A Morphological Approach to Binary Code Analysis
Binary code analysis is a complex process which can be performed nowadays only by skilled cybersecurity experts whose workload just keeps increasing. Uses cases include vulnerabilities detection, testing, clustering and classification, malware analysis, etc… We develop a tool named Gorille, which is based on the reconstruction of an high level semantics for the binary code. Control flow graphs provide a fair level of abstraction to deal with the binary codes they represent. After applying some graph rewriting rules to normalize these graphs, our software tackles the subgraph search problem in a way which is both efficient and convenient for that kind of graphs. This technique is described as morphological analysis as it recognizes the whole shape of the malware.

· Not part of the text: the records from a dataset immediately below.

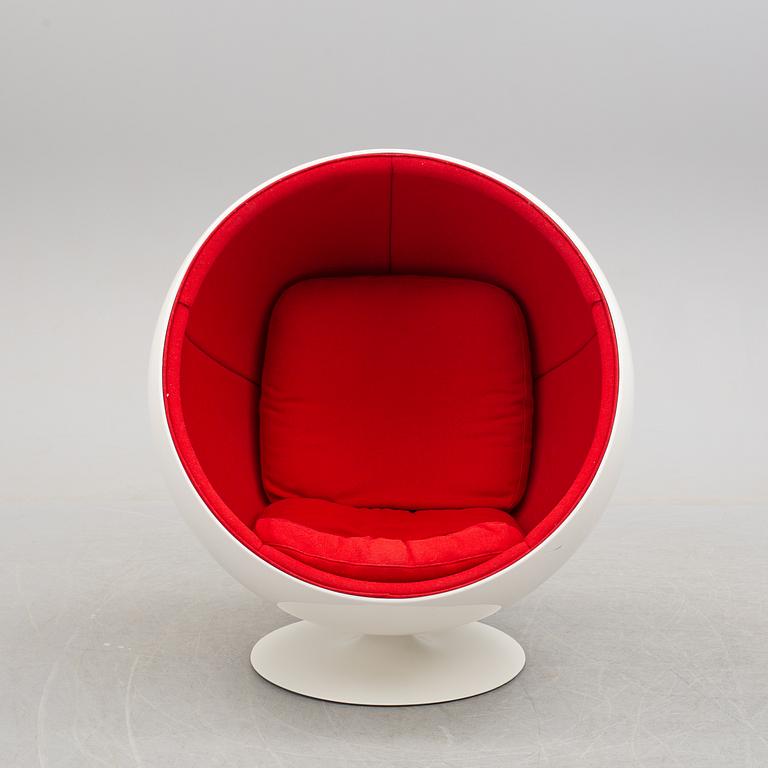 An 'Åskbollen' easy chair by Eero Aarnio, Adelta, Finland, designed 1965.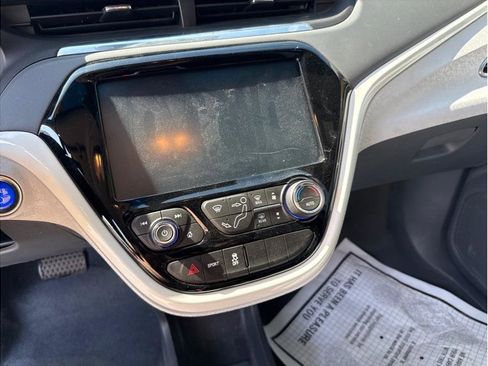 Used 2020 Chevrolet Bolt LT FWD image 15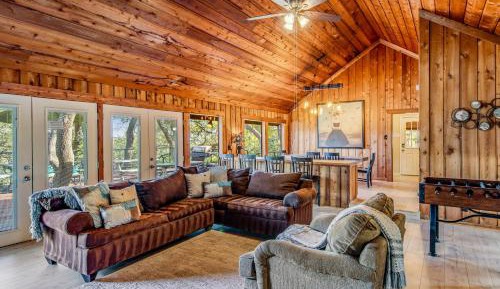 Four bedroom holiday home 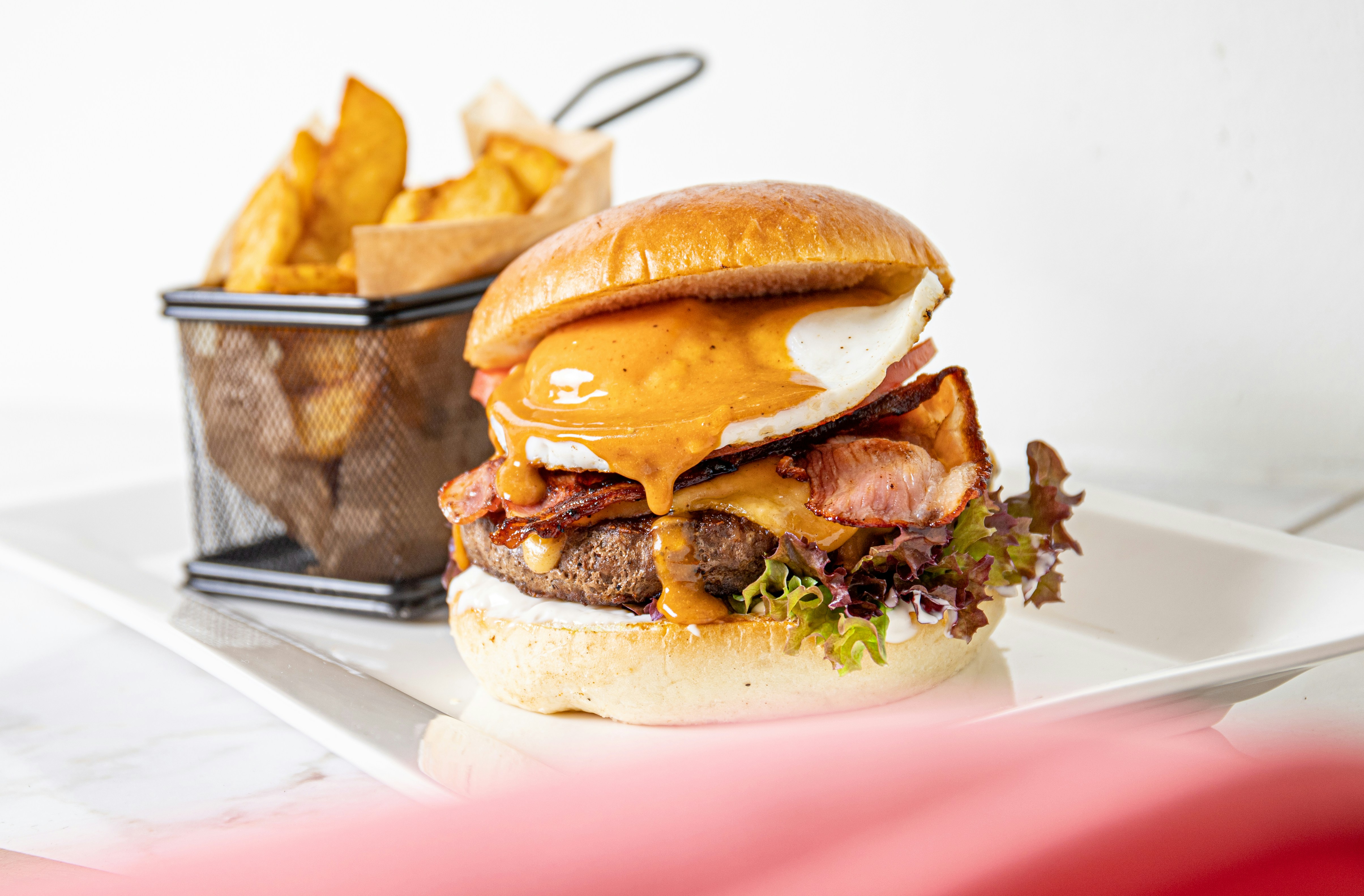 Bird flu hits U.S. turkey market just in time for burger season, Bloomberg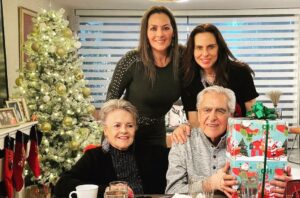 Kate del Castillo Instagram - About last night.
Feliz Navidad para todos!
🎄♥️🙏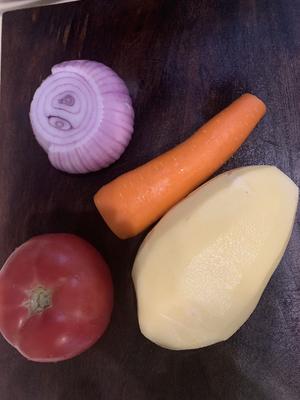 土豆番茄清炖牛腩的做法 步骤5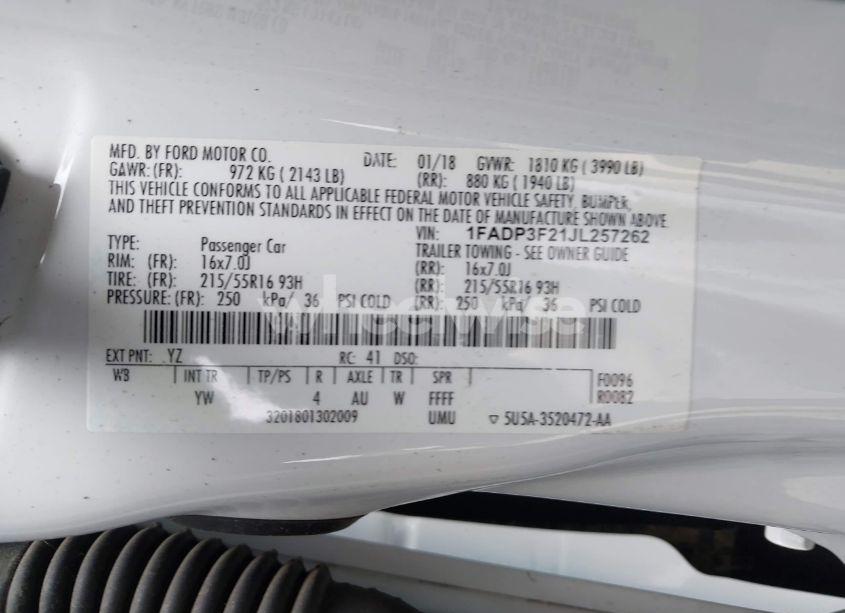 Photo 9 of 2018 Ford Focus SE (VIN 1FADP3F21JL257262)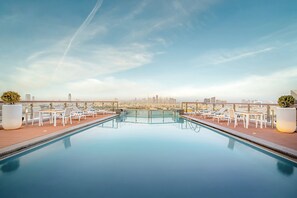 Piscine extérieure, chaises longues, maîtres-nageurs sur place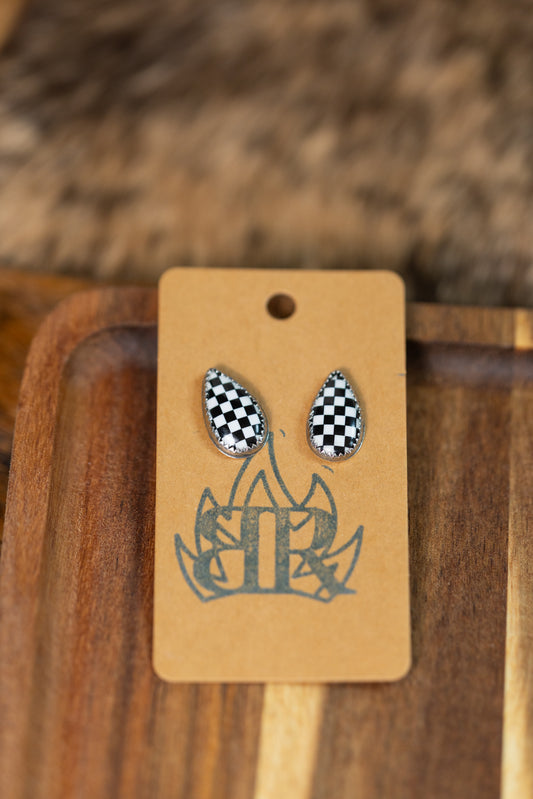 Checkered Studs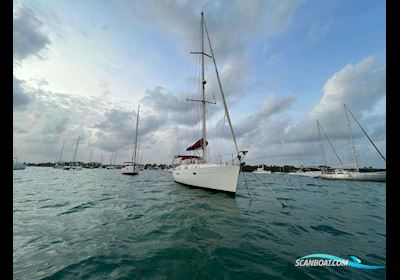 Beneteau Oceanis 411 Clipper Segelbåt 1999, med Volvo D2-55 motor, Martinique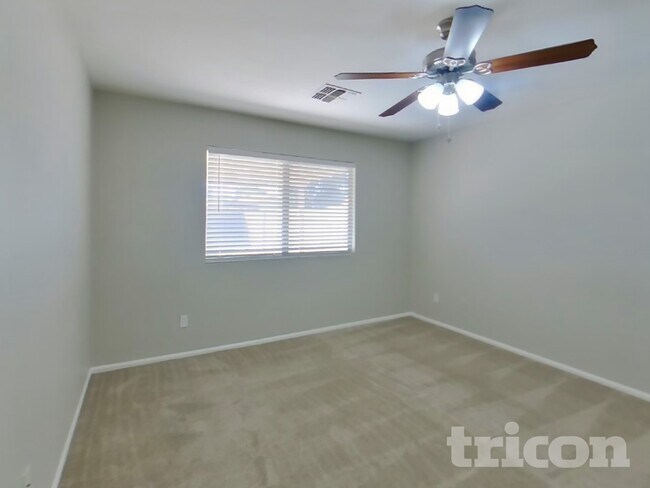 Building Photo - 40175 N Costa Del Sol Dr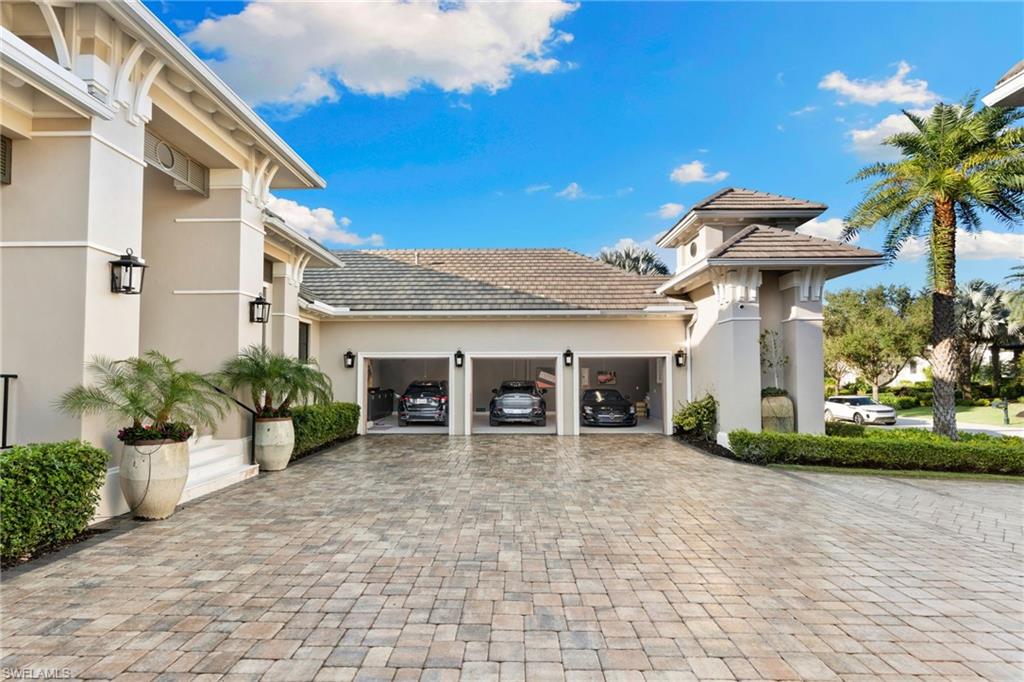 BAY WOODS - Residential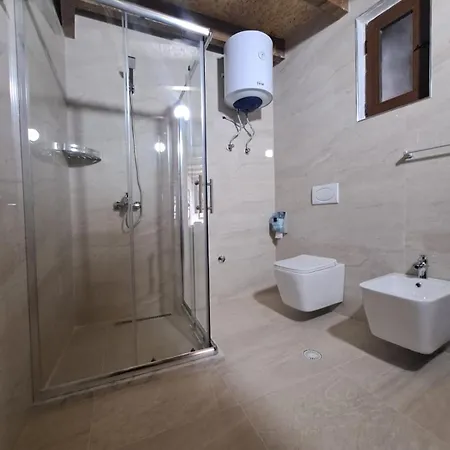 住宿加早餐酒店 Demaj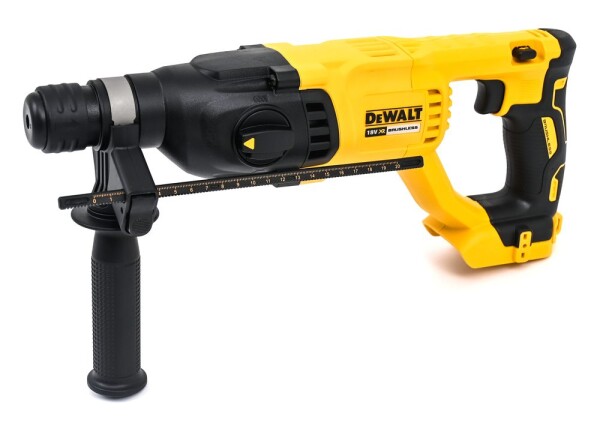 DeWalt DCH133NT / Aku kladivo SDS-Plus / 18V / bez baterie / kufr (DCH133NT)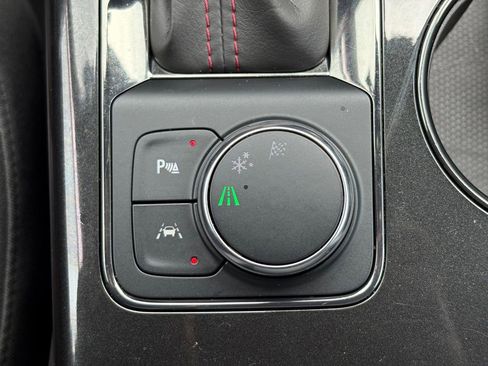 Used 2025 Chevrolet Blazer RS FWD image 34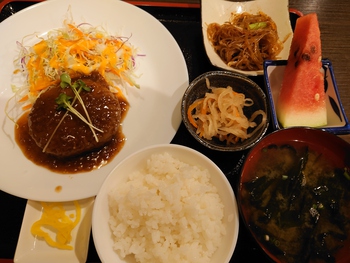 ハンバァ〜〜グ定食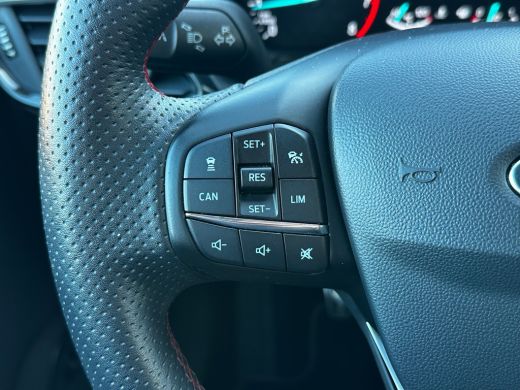 Ford Fiesta 1.0 100 PK ST-Line | ADAPTIEVE CRUISE CONTROL| STUUR, STOEL EN VOORRUITVERWARMING| B&O SOUND| CAM... ActivLease financial lease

That being said, some pitfalls still need to be considered. First of all, the output can only get as good as the input data. And it is known that static disassembly cannot produce the perfect control flow graph since this problem is undecidable. As a matter of facts, malware heavily use obfuscation techniques such as opaque predicates to hide their payloads and confuse analyses. Dynamic analysis should then be used along with static disassembly to combine their strengths. Another dangerous pitfall feared by every expert is the so-called false positives rate : false alarms that make them waste indeed a precious time assessing the reality of the threat. Shared binary code is not always relevant as many software embed static standard libraries. Gorille’s solution to this issue lies in graph rewriting. By rewriting classic subgraphs into configuration-based special nodes, we even obtain an higher abstraction of the control flow graph.